SPD Officer Ahmad Mims isn’t giving up on the city he loves
Ahmad Mims stood on the opposite side of the basketball court as a Potsdam point guard raced toward the rim for a breakaway layup. All signs pointed to two points for the Bears.
But Mims didn’t give up — he never does — as he raced from one side of the court to the other and blocked the shot off the front of the rim.
“You never give up on a play,” Mims, 33, says now of the play a dozen years ago, in January 2005. “You never give up on anything.”
The basketball standout at Oswego State wears a different uniform now — blue instead of green. He believes in Syracuse and its people — and he is focused on stopping the violence that plagues them through his work on the special Crime Reduction Team of the Syracuse Police Department.
“We patrol these streets and we want to keep these communities safe. We don’t want the crime up. We don’t want to chase after people every day,” Mims said. “We want to help. If everyone came together, I think this city could be flawless almost. As a whole it would work if we just came together.”
He’s spent the past six years as a police officer, including the past five months on the elite Crime Reduction Team. On some nights it’s mundane patrol with lots of conversation and few stops. On others, he’s presented with the unexpected: a shooting or a heavy drug bust.
On a night this past April, he fired his gun for the first time in the line of duty.
On April 22, Mims and another Syracuse police officer stopped a Chevrolet Uplander van on Rowland Street near the intersection of South Geddes Street. The stop turned into a drug investigation, and the driver sped away from the two officers. After the van stopped again, the driver spun it in reverse with Mims and the other officer, Nicholas Voggel, nearby. The van hit the two officers.
Mims shot at the van, which had the driver and three children inside, as it sped away, hitting it at least one time. The van was ultimately stopped and the driver, identified by police as Peter Dixon, 34, of Syracuse, was arrested and charged with two counts of reckless endangerment, three counts of endangering the welfare of a child, and unlawful possession of marijuana.
The two officers were treated for minor injuries. Mims was put on paid leave, standard police protocol, and cleared to return to work in June.
Only about 27 percent of police officers say they have ever fired their gun in the line of duty, according to a Pew Research Center survey of almost 8,000 cops in 54 departments with 100 or more officers. Yet the public grossly over-estimates how often it happens. Asked to make a guess, 83 percent of people surveyed by Pew said the average officer had pulled the trigger on the job at some time. (There were four officer-involved shootings in 2016 in Syracuse, and citizens died in three of them.)
In an interview a few weeks before the shooting, Mims explained why police don’t want to fire their guns.

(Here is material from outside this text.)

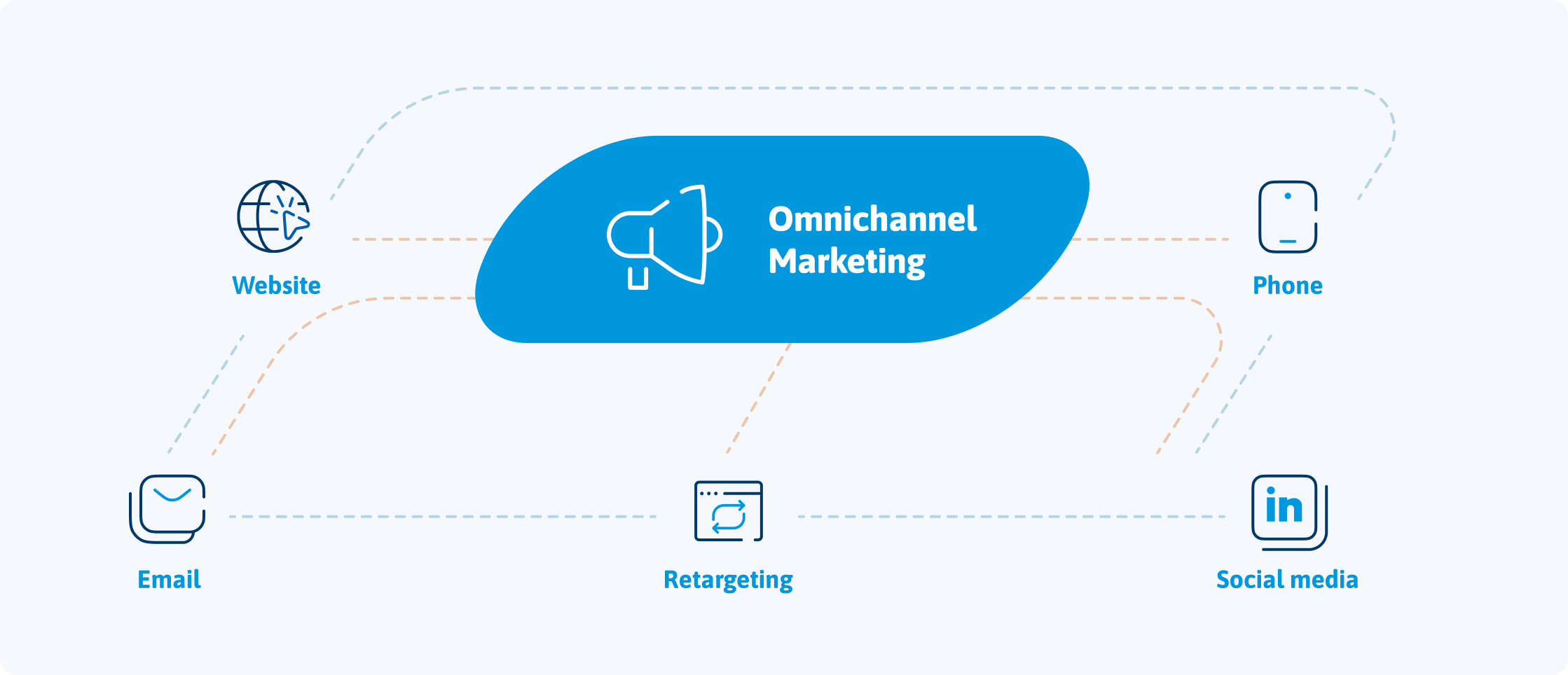 Omnichannel Marketing
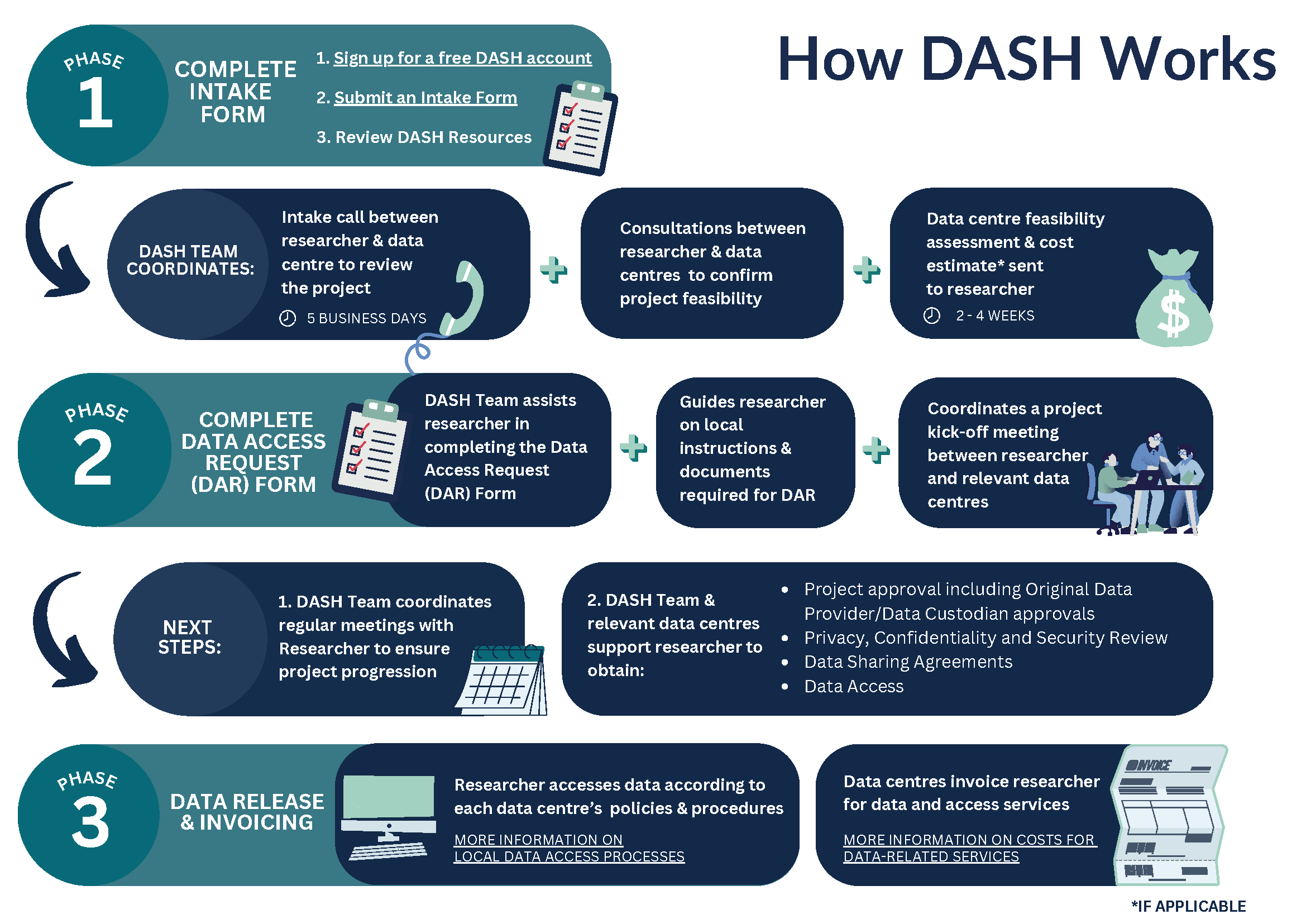 Green and blue infographic titled How Dash works. Text reads: Phase 1 Complete intake form. Phase 2 Complete data access request form. Phase 3 Data release and invoicing.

“We want to stop the crime. (But) we don’t want to do that (pull our gun). There’s a lot of times we could draw our guns and we don’t. People see police draw their guns and think we’re the bad guys,” he said. “That’s the misconception we always get. Just listen to what we have to say. We’ll listen to you. Let’s work this out.”
On a rainy Friday night in March, Mims and his partner, William Lashomb, patrolled the South Side of Syracuse, working an area with a high crime rate. They pulled over a midsize SUV outside a church, suspecting its windows were over-tinted. The two veteran officers discovered some marijuana as well as an open container.
The two men in the car, both black men — as is Mims — didn’t cooperate at first, trying to hide the marijuana and protesting that they were clean. Mims explained he and Lashomb would be searching the vehicle anyway, and — eventually — the men in the car relented.
It didn’t happen on this night, but as a black police officer on the street, Mims has heard it: He’s a “sellout,” an “Uncle Tom,” one of “us” who doesn’t “care about us.”
“It doesn’t matter white cop or black cop. We’re equal — we’re all equal,” Mims said. “We’re here to do a job and keep people safe.”
There are pros and cons to being a black police officer. Only 7.1 percent of SPD officers (32) are black in a force of 445, and in a city where minorities make up 44 percent of the population. (In the Syracuse force, 2.5 percent of officers are Hispanic, 0.5 percent Native American and 0.4 percent “other.”)
“It makes me more approachable because they see someone who looks like them,” Mims said. “Even though (a white officer and black officer would) probably say the same thing, they see someone who looks like them and a lot of times that eases people. I’m still going to tell you what’s right and wrong — I’m not going to sugarcoat it.”
A fast-climber in the Syracuse police ranks, Mims was promoted in January of this year to the Crime Reduction Team, a 12-man unit that works four 10-hour shifts per week in target areas with high crime rates and a heavy gang presence.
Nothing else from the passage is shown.